A otto anni dalla morte, l’eredità artistica di Eva Fischer (1920-2015) continua a vivere in vari progetti e iniziative. L’ultima è un bel libro a cura del figlio, Alan David Baumann, le cui pagine vanno a restituirci con gusto anni di impegno in ambito grafico. Specialmente negli Anni Sessanta e Sessanta, un periodo nel quale l’artista (jugoslava di nascita, ma italiana d’adozione) si distinse per una serie di acqueforti, acquetinte, incisioni e litografie. Molte delle quali a tema ebraico, un filone spesso ricorrente nei suoi lavori. Tra gli altri temi caratterizzanti, evidenziati dal figlio, biciclette, paesaggi e architetture mediterranee.
Edito dalla A&A edizioni – WL TV, il volume esalta l’arte pittorica di una straordinaria interprete del Novecento, ultima testimone della Scuola Romana del Dopoguerra e animatrice di un salotto intellettuale tra i più significativi d’Italia. Basata su un precedente libro-catalogo degli anni ’70, la nuova edizione ripropone alcuni testi originali di Carlo Levi, Alfonso Gatto, Miriam Novitch e Guglielmo Petroni, oltre ad alcuni pensieri pervenuti da estimatori e amici: da Picasso a Edith Bruck.
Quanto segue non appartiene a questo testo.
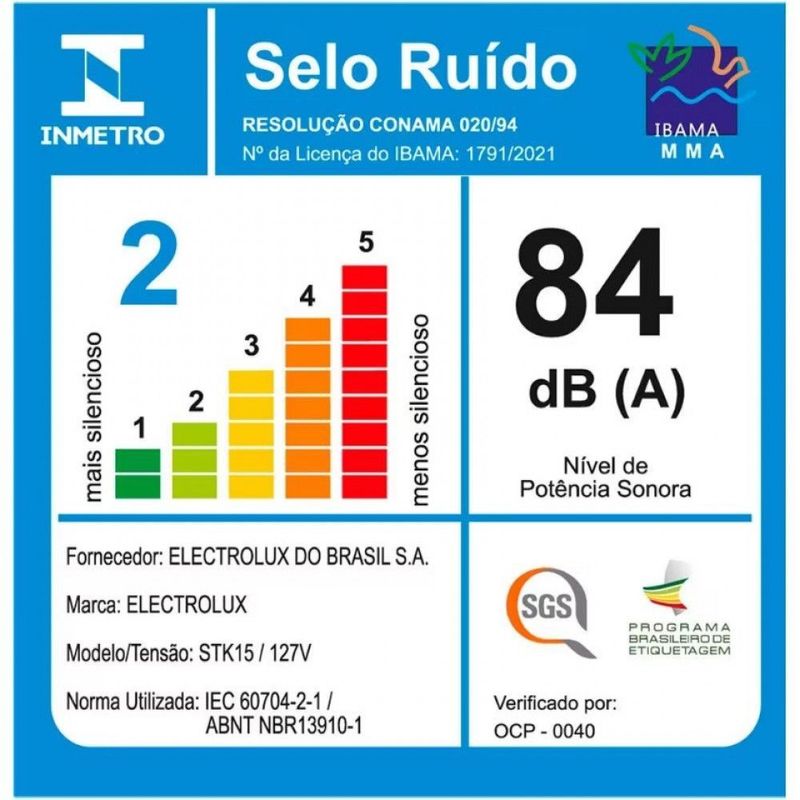 MKP003250025210-6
Secondo la scrittrice e poetessa, sopravvissuta in gioventù alla Shoah, si potrebbe a ragione esclamare che “il mondo è salvato dai suoi colori”.
Non è arte d’altronde, sosteneva Fischer, “se non crea emozioni”.
Nata a Daruvar nel 1920, Fischer si diplomò a soli 19 anni all’Accademia di Belle Arti di Lione. Rientrata a Belgrado, fu costretta a fuggire dopo la deportazione per mano nazista del padre Leopold, rabbino ed eccelso talmudista. Assieme alla madre e al fratello più piccolo si consegnò ai fascisti, venendo rinchiusa in un campo nell’isola di Curzola. Da qui riuscì a ottenere un permesso per portare la madre malata a Bologna e, giunta a destinazione, unirsi alla Resistenza. A guerra finita la scelta di Roma quale città d’adozione. Ma la sua, scrive Alan David, fu comunque una vita segnata da brevi migrazioni, ovunque il suo estro l’abbia chiamata ad agire: Parigi, Madrid, Gerusalemme, Londra. Accogliendo un suggerimento del suo amico Chagall, fu proprio Fischer a realizzare le vetrate per il Museo ebraico di Roma. Nell’occasione realizzò anche una litografia, intitolata Talled, in memoria del padre trucidato dalle SS.